_TRY IT:_ Retype, word for word, every line from the one holding "Çizgili, Düğmeli panço - Görsel 2" through the one holding "Lanyihome Adjustable Cat" in the entries below, both included, and only those lines.
____ DATA IN THIS EXERCISE
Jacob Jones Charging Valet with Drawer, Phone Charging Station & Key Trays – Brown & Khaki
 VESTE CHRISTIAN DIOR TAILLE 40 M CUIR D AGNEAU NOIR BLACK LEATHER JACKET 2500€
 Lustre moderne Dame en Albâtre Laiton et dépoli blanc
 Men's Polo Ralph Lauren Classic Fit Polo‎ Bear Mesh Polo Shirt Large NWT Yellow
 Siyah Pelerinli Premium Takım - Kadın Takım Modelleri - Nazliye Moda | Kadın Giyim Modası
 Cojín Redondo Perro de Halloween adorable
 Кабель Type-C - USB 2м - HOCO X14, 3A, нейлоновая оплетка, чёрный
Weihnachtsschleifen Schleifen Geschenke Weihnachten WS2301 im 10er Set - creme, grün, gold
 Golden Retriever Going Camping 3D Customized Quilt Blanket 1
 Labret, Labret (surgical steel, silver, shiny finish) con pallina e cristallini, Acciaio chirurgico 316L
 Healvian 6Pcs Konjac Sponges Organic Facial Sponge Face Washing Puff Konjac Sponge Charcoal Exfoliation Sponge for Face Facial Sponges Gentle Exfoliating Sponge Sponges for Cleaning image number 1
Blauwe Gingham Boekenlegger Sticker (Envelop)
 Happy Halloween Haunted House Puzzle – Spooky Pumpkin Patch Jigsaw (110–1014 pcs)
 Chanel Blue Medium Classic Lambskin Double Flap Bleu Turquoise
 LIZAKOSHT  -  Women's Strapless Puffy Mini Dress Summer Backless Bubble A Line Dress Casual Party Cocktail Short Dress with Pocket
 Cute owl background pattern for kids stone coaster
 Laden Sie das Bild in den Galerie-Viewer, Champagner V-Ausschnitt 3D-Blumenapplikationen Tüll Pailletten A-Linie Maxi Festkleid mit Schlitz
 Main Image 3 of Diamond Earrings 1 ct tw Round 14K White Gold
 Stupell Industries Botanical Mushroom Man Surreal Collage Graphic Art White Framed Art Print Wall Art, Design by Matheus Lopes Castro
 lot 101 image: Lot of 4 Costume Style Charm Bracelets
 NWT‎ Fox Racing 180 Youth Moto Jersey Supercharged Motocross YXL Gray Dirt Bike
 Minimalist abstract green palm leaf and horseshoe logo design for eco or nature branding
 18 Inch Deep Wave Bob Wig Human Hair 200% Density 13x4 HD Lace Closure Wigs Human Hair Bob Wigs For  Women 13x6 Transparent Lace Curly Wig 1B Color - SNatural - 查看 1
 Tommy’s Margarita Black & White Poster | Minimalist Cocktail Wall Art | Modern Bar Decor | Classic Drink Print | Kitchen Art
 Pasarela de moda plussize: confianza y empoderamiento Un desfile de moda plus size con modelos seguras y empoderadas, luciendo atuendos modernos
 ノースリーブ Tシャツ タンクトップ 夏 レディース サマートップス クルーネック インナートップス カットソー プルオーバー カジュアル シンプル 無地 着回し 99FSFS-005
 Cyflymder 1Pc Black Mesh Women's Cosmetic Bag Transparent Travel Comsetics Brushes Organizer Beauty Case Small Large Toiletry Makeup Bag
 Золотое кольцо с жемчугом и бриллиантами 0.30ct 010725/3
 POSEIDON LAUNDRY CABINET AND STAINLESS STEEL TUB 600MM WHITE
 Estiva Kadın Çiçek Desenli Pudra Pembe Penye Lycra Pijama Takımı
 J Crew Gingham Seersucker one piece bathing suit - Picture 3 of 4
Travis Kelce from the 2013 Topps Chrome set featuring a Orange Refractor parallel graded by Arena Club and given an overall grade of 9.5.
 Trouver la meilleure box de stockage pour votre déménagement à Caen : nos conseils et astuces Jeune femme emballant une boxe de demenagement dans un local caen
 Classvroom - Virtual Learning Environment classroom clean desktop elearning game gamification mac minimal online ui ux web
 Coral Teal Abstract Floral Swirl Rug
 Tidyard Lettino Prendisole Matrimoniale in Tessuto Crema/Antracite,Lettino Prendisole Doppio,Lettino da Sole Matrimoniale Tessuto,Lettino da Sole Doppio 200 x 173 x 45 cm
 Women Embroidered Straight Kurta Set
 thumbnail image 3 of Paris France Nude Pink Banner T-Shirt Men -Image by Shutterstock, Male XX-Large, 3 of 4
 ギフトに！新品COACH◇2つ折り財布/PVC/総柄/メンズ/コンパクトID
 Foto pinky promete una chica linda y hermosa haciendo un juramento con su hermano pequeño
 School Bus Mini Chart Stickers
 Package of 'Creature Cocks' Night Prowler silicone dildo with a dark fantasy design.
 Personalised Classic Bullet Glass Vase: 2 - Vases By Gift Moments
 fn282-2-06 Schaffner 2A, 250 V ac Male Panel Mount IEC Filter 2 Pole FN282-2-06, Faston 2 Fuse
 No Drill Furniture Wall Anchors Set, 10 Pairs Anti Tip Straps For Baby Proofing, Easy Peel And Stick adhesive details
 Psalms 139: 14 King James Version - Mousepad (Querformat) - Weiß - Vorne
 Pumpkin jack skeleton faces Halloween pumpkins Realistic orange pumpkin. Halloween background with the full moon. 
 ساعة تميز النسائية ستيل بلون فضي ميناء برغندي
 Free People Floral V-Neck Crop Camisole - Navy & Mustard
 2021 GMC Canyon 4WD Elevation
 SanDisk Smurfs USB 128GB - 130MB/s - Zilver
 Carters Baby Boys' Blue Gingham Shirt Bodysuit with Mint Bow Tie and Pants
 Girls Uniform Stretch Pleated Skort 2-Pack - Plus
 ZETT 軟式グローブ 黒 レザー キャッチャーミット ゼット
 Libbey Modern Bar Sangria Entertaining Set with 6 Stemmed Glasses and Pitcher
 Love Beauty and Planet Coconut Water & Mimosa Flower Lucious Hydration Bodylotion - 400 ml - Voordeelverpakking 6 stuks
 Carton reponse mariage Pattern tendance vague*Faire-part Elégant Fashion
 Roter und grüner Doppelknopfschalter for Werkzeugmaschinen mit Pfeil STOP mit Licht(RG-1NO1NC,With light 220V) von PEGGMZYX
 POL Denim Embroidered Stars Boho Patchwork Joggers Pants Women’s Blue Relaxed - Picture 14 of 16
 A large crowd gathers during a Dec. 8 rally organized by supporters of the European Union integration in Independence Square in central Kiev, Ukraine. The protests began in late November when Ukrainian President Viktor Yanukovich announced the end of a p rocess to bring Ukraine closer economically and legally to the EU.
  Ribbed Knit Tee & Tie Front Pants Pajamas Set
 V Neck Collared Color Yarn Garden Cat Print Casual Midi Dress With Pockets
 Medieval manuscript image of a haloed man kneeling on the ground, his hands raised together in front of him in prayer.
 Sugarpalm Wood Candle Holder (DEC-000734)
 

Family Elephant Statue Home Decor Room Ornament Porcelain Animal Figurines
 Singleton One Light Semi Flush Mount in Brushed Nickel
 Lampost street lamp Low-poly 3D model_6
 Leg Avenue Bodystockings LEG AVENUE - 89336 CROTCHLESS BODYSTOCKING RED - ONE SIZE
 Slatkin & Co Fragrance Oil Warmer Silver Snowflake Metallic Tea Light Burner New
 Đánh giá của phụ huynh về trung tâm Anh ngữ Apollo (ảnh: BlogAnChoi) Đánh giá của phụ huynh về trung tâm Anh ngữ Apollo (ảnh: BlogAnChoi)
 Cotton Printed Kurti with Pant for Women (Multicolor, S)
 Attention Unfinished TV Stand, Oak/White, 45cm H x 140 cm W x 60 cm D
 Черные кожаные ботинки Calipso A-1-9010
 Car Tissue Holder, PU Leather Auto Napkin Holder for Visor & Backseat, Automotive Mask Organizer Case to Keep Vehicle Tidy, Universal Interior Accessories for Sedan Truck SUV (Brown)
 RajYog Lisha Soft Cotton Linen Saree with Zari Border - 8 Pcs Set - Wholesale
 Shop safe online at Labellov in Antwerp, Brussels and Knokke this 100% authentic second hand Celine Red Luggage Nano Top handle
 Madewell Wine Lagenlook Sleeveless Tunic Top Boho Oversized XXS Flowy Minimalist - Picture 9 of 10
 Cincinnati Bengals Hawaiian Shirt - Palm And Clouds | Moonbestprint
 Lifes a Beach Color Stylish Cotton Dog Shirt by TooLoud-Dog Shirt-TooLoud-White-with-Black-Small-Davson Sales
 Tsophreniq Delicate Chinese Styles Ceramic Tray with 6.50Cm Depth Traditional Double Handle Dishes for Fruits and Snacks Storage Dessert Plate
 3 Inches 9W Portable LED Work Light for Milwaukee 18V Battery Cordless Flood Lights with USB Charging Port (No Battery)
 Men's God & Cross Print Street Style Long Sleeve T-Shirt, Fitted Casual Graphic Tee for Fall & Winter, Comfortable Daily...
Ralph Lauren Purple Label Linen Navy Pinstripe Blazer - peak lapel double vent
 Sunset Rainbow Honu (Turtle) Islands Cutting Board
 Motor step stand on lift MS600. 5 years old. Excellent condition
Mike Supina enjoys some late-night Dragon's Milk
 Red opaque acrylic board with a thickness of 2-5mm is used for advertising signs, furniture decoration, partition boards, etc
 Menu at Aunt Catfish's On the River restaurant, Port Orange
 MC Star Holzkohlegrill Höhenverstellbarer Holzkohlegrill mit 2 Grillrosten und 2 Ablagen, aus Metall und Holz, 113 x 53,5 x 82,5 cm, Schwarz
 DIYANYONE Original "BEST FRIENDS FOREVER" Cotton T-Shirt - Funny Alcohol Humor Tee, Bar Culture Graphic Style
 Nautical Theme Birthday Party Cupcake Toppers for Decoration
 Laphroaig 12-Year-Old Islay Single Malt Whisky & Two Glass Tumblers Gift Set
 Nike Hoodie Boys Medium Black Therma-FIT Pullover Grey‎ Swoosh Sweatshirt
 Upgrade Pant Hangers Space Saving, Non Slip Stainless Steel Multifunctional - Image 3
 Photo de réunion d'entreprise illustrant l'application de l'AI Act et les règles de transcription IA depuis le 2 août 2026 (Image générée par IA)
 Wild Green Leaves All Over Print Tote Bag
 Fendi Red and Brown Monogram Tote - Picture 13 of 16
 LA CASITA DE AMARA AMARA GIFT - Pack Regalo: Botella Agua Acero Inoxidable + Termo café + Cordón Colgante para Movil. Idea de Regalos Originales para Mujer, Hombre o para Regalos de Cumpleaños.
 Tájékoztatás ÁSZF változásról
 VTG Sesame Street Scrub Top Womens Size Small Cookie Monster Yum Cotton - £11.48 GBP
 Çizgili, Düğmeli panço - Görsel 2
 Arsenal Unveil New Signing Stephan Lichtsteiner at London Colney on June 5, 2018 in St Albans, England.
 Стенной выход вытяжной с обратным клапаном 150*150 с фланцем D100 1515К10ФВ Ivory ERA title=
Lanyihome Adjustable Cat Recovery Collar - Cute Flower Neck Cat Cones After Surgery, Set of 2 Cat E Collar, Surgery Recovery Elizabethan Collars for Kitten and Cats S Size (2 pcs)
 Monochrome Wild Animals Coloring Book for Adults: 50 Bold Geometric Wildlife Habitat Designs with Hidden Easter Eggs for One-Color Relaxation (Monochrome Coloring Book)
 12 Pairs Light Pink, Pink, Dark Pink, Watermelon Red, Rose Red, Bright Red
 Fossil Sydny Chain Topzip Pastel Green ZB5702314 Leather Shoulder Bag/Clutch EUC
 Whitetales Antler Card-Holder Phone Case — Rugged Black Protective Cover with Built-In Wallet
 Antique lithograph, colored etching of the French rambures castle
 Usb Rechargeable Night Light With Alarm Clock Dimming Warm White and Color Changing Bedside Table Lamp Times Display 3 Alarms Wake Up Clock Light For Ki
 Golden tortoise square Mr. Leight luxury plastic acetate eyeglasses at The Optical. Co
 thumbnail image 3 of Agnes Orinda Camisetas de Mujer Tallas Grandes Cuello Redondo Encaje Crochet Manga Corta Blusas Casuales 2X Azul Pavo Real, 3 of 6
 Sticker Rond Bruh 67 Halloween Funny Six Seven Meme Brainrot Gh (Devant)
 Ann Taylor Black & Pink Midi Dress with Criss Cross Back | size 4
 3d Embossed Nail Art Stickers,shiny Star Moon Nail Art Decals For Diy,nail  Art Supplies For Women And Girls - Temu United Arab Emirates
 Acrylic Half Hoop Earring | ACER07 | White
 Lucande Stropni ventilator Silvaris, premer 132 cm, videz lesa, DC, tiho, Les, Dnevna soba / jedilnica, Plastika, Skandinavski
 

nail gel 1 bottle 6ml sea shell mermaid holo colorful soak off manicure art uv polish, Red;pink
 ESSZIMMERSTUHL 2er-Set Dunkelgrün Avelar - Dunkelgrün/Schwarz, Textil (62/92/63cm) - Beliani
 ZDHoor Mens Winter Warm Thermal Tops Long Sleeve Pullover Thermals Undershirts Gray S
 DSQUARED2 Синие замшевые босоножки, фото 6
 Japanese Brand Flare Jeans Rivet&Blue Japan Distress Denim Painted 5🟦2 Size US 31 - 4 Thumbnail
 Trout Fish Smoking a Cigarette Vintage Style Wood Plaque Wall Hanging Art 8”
________
_SOLUTION TO THIS EXERCISE:_
 Çizgili, Düğmeli panço - Görsel 2
 Arsenal Unveil New Signing Stephan Lichtsteiner at London Colney on June 5, 2018 in St Albans, England.
 Стенной выход вытяжной с обратным клапаном 150*150 с фланцем D100 1515К10ФВ Ivory ERA title=
Lanyihome Adjustable Cat Recovery Collar - Cute Flower Neck Cat Cones After Surgery, Set of 2 Cat E Collar, Surgery Recovery Elizabethan Collars for Kitten and Cats S Size (2 pcs)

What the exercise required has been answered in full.